2018年2月18日説教要旨
聖書箇所:ルカによる福音書5章1節~11節
「イエスとの出会いと新しい人生」
山田雄次
今日の聖書はシモン・ペテロの召命の記事ですが、キーワードは「主よ わたしから離れて下さい。わたしは罪深い者です」(ルカ5:8)というシモン・ペテロの罪告白のことばです。危機の中で絶大な力を持ち、困窮の中にある人間を助けられる生ける神(イエス)がいらっしゃる、その神を信じないでいた罪、そのことに気づかされたシモン・ペテロの罪告白です。人間は自分の空しさを知る迄は神の存在は観念的であり、生まれ変わるためには神の尊厳の前に打たれなくてはなりません。
シモン・ペテロは大漁の出来事との遭遇によりイエスとの出会いを体験し、弟子としての新しい人生が開かれました。前夜、夜通し漁をしたにも拘らず、どうしたことか何も取れないで失意の中で網を洗っていたところ、イエスからもう一度「沖に出て網を下ろしてみなさい」と促されました。内心不満でしたが「しかしおことばですから・・」と言って網を下したところ網が破れそうになるほどの大漁となりました。

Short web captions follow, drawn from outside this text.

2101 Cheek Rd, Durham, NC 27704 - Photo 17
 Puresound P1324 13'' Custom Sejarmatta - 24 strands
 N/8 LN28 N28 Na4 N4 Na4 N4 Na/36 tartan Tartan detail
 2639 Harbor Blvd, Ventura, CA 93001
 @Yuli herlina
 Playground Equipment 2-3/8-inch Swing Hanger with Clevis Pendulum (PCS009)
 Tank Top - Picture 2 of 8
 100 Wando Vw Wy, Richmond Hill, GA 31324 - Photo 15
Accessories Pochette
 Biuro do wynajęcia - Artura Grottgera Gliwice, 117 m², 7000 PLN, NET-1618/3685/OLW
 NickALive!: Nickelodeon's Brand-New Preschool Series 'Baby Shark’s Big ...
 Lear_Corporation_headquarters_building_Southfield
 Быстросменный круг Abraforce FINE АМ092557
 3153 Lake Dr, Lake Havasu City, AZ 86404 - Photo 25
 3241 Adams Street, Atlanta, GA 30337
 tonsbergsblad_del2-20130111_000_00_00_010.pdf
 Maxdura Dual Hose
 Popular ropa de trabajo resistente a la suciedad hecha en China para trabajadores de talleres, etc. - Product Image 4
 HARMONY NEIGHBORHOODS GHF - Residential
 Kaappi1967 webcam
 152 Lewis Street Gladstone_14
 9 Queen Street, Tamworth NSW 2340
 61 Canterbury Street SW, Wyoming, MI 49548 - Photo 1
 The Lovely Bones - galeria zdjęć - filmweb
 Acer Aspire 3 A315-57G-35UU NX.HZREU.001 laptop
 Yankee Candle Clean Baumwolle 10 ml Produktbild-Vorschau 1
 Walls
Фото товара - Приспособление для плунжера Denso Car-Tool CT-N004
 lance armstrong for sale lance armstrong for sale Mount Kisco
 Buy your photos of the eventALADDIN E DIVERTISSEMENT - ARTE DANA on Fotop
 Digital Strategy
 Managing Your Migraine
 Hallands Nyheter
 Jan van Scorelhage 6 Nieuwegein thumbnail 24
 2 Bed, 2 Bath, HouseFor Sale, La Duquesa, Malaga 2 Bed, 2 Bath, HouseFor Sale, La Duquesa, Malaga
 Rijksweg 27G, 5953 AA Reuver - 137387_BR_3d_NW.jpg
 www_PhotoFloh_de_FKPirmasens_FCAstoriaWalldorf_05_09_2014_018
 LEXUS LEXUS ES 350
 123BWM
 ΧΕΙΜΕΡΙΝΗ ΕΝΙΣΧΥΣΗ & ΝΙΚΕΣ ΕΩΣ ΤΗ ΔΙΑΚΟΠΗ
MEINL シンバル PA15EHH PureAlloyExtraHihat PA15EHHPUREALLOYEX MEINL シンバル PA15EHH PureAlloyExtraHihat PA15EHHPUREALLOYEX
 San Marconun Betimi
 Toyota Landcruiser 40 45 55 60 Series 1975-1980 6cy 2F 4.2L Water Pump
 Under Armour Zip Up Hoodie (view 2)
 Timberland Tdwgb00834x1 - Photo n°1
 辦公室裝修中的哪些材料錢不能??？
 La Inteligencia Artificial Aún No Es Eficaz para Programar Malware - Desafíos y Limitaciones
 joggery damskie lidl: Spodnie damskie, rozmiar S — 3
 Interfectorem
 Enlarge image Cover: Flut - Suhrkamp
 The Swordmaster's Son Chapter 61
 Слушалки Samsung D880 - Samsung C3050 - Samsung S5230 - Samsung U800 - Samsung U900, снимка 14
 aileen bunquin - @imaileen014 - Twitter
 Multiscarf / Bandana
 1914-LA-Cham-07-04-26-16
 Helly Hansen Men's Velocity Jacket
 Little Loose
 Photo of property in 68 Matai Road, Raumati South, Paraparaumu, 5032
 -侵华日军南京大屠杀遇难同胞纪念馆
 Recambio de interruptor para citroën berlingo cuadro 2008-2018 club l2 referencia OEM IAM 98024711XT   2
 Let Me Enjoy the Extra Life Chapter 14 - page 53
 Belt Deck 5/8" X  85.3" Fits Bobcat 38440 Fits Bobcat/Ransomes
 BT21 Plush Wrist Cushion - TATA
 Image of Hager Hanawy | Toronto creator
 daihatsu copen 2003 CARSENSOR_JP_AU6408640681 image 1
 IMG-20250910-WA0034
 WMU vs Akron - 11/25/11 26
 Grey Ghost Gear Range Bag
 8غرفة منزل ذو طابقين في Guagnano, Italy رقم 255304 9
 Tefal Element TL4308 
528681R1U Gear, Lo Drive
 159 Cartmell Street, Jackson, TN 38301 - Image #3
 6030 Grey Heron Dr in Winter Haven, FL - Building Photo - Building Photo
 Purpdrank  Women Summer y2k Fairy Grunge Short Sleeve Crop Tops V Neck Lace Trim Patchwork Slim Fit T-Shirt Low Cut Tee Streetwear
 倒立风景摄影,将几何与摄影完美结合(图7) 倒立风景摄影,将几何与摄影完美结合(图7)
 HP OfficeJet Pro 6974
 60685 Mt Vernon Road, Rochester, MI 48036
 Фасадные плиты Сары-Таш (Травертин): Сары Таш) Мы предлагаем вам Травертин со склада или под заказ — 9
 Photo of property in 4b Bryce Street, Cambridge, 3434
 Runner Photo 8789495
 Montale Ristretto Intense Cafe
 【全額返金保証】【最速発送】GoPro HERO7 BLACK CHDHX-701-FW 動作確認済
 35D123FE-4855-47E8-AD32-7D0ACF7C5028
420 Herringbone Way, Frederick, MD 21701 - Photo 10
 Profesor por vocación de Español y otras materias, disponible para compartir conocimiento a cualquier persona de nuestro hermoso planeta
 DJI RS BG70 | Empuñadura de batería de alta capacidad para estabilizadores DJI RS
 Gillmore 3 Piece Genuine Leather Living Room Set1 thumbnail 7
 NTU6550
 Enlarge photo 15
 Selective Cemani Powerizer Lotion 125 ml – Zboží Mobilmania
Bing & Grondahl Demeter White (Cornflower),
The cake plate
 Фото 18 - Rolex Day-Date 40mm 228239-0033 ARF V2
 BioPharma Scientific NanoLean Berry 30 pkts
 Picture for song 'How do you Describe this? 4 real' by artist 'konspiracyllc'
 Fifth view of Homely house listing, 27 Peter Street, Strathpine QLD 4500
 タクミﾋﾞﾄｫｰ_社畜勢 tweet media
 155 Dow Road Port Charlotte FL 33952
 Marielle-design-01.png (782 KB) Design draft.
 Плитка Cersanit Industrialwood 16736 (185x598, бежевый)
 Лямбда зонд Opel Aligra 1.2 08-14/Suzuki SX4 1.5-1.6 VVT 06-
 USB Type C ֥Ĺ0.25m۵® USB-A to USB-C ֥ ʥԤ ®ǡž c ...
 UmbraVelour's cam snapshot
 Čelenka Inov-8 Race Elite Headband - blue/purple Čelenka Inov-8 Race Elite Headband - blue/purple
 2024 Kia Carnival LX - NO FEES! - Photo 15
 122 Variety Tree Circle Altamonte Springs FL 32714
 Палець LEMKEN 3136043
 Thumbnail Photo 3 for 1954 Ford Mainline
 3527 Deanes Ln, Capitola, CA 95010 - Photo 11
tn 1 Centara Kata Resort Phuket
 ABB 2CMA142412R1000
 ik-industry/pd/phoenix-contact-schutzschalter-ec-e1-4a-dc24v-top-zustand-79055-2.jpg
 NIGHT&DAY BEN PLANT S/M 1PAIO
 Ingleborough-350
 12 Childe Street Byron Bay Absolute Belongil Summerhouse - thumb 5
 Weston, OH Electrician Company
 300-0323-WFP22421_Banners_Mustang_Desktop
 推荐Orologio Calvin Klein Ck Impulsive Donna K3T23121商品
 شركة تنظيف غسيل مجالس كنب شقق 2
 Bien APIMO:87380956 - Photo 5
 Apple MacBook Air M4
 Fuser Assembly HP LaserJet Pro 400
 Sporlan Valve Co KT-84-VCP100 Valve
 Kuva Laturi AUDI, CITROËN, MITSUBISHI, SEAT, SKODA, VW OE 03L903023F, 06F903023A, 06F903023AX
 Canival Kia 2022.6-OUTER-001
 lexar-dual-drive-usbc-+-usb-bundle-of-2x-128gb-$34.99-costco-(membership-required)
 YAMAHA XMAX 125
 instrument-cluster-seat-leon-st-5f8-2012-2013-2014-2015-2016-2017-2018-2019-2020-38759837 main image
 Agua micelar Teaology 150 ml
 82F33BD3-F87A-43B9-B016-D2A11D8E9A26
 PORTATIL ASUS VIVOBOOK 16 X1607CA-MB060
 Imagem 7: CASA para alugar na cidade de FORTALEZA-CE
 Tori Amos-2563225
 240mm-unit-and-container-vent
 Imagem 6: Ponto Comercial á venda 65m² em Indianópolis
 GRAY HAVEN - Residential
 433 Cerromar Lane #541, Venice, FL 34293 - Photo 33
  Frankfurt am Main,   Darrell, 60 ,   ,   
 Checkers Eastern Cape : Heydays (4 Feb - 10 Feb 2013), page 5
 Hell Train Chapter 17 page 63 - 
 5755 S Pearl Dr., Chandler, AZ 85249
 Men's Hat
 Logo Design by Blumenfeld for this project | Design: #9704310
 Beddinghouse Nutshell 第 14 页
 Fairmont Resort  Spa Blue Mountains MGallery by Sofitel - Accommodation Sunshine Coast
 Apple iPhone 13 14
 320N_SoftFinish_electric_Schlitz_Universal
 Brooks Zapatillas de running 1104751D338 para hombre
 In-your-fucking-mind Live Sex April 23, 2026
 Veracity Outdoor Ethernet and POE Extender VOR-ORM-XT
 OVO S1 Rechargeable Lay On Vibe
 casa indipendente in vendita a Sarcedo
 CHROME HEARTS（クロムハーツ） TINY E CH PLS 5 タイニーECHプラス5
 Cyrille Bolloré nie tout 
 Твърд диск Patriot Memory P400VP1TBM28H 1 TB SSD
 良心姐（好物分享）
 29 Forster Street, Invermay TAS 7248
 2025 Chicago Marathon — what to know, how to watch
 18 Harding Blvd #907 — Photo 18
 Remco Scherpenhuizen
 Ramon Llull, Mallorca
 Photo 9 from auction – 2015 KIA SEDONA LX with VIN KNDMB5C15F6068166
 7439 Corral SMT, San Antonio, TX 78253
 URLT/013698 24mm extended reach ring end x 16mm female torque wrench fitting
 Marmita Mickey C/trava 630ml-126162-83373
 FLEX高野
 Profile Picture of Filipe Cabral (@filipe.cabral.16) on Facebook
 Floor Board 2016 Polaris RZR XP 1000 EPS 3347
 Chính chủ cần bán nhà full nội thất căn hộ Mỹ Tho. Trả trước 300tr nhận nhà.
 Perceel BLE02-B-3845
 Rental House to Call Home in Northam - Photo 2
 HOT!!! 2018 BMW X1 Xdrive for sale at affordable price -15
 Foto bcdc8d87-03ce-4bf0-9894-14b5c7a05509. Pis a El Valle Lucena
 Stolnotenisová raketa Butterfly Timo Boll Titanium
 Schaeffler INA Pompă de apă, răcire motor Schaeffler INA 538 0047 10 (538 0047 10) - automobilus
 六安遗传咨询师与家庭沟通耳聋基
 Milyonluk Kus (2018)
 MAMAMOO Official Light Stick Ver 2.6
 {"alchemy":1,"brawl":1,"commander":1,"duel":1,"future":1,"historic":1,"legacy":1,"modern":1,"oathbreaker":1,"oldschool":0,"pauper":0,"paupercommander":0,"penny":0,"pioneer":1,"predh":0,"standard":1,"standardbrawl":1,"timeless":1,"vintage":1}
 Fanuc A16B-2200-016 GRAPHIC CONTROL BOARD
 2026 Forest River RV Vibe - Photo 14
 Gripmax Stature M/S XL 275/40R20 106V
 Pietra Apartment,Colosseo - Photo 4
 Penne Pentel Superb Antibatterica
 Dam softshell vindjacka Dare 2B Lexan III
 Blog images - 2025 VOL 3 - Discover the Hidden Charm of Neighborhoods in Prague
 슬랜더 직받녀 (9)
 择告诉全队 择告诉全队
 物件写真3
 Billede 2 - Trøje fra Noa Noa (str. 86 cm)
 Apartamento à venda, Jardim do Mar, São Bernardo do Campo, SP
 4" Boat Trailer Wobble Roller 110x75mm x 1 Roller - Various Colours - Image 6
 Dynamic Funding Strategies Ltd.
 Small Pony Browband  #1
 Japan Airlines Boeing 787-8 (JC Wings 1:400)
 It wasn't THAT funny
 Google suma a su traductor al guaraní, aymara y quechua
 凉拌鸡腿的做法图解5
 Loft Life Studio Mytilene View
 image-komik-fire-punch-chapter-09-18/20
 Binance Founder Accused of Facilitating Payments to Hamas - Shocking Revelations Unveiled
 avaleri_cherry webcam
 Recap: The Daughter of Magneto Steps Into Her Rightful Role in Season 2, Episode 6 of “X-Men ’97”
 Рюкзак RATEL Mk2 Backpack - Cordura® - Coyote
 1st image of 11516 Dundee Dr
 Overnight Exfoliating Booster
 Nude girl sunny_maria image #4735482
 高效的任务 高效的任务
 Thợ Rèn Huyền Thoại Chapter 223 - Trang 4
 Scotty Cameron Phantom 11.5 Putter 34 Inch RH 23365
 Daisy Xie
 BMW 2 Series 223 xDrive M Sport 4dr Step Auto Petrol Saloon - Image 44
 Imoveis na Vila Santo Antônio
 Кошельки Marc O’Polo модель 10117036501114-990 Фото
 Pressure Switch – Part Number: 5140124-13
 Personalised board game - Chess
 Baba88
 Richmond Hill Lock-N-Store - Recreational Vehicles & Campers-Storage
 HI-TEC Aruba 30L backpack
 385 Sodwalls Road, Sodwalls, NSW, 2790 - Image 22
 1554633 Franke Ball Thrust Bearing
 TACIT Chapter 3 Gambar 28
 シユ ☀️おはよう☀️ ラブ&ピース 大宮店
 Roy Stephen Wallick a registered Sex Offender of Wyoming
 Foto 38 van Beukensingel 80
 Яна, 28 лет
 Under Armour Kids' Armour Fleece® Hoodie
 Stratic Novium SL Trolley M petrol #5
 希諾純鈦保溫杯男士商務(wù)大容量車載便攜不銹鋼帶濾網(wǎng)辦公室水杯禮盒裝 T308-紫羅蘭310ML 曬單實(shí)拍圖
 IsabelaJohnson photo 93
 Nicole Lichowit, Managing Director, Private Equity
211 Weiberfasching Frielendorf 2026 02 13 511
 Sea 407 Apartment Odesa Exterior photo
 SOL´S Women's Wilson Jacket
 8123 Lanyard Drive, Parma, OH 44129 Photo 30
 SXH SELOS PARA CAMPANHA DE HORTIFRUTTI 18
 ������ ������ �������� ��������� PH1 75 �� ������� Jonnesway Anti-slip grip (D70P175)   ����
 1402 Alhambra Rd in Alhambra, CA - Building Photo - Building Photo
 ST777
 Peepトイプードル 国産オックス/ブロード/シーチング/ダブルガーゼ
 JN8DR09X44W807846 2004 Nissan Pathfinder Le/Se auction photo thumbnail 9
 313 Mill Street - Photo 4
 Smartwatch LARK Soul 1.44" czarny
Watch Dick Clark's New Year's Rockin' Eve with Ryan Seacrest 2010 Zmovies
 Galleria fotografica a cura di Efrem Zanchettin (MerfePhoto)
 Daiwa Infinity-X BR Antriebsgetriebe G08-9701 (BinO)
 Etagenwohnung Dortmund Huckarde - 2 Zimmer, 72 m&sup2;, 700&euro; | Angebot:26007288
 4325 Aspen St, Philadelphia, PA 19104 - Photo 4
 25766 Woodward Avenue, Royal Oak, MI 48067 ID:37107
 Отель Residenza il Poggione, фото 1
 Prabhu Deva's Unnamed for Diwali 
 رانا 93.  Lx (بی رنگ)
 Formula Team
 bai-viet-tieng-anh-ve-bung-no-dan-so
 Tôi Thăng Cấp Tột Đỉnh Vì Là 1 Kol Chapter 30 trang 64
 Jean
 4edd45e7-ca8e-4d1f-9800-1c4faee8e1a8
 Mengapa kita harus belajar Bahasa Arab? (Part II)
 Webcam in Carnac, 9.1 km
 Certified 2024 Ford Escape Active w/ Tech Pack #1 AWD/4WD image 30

イエスから「沖に漕ぎ出して」もう一度「網を下ろして漁をしてみなさい」と言われた時、シモン・ペテロは心よくは思わなかったと思います。むしろプロの漁師であるシモン・ペテロたちが一晩中漁をしても何もとれなかったのに素人であるイエスが何を言うのか・・・、という不快の念を持ったに違いないと思います。ペテロには漁師としての強い自負があったので人生の教師であるとはいえ、イエスに漁のことについて口出ししてもらいたくない・・・という思いがあったからです。
網を下ろしても取れる筈のない悪条件の中でイエスの指示に従うと、経験したことがないほどの奇跡的な大漁を経験し、シモン・ペテロはイエスの絶大な力に触れ震撼とされたのです。イエスの底知れぬ神の子としての力に対し、人間の無力さを徹底して知らされ、恐れを感じ「主よ、私から離れて下さい。私は罪深い者です」と告白したのです。
しかし感謝すべきかな。神の尊厳を知らされ、打ちのめされ、自分に絶望することは同時に絶大な力ある神に依り頼んで希望に生きることに変えられるということです!神に依り頼んで生きる者に変えられることで「沖へ漕ぎ出し・・・・漁をする(私たちがこれから担うべき課題に積極的に取り組んでゆく)」ことが出来、新しい人生が開かれてゆくのです!